Members of the Corvus family are funny and wise and smart. There’s something clever about holding a grudge – it keeps us on our toes, helps us to look out for bad behaviour and therefore stay safe. But it’s detrimental too.  Bitterness, like a poison, seeps. Psychologists suggest that rather than trying to focus only on forgiveness, we can find self-compassion, the very thing that was probably lacking at the time. If we can smooth the way to some kind of peace with what has happened, our minds and bodies will surely benefit. 

So far, so humanly interesting. But the crows in this Seattle experiment were right to scold – the researchers were dangerous. So keep hold of that grudge, clever crows, it’ll stand you in good stead for the future.

A Dirty Word

I’ve just hit send on a stressful email. Something has been an issue for years and recently raised its head again to remind me that I really don’t know how to fix it (other than turning back time and making better decisions). The topic is one that we still don’t really talk about, or certainly not with any honesty. It makes the world go round, yet very few of us understand how it works, and in a capitalist society we are under its thrall. Yes, it’s that dirty word: money.

Here’s my story. Once upon a time I received a health insurance payout (following the diagnosis of multiple sclerosis) and wanted to put plans in place for the future. We bought our dream campervan and we started up a small business. Hans the Van eventually carted us off for the Big Trip in 2018 – 361 days visiting 17 countries – a dream indeed, and one I’ll never forget. The Wee Tram was adorable, challenging, fun, stressful, and even though we had to wind the company up after five years, I’m still glad we did it. 

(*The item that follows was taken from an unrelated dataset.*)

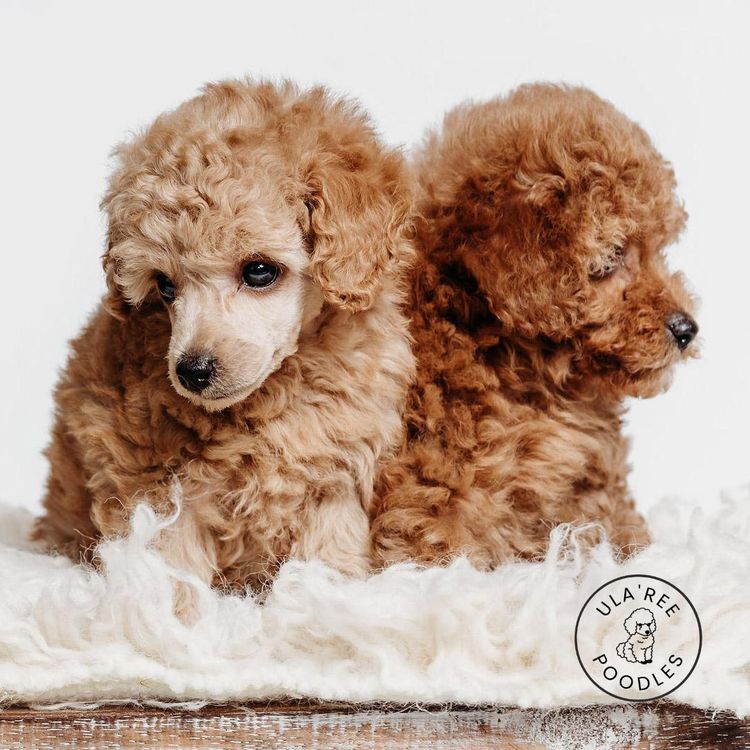 Ula'ree Toy Poodles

Other than that, I followed professional financial advice and put a large chunk into storage pods, an investment that seemed simple and safe at the time. You’re probably gasping in shock, or at the very least raising your eyebrows at this point, since stories have been hitting the headlines in the last couple of years, often involving people who have lost their savings through investments like this (or even their pension pots, a definite yikes). As the years progressed, it became clear that this was Not A Good Thing, and slowly, very slowly, I started to admit that my money was possibly gone. 

To add recent injury to old insult, my lovely job reading with people in criminal justice settings might be coming to an end soon. This is (unsurprisingly) also about money – funding, tenders, you know the voluntary sector drill. Losing my regular income (and work that I loved) wasn’t in my plan, so perhaps it’s no surprise that today’s email about financial issues is hitting hard. 

Along with the fear and anxiety about the future, though, sits a heavy sense of shame. I’ve always worked hard for a living, always known that money is precious and that not everyone has what they need to survive, never mind thrive. Working class backgrounds instil in us various things, ranging from pride to anxiety to a distinct lack of capacity to dream of something better. But money is also something about which we do not speak: don’t hang your dirty laundry out in public. Hence the arrival of shame. And its bedfellow, guilt. I feel guilty that I wasted a gift, that I didn’t talk about it for a long time, that I’m no longer in contact with the old friend who gave me the advice. Therefore, I’m also feeling sad. 

But the end of the story is still to come. This is a bump in the road and there are paths ahead that could hide all sorts of possibilities. It’s okay to lie down for a while and lick my wounds.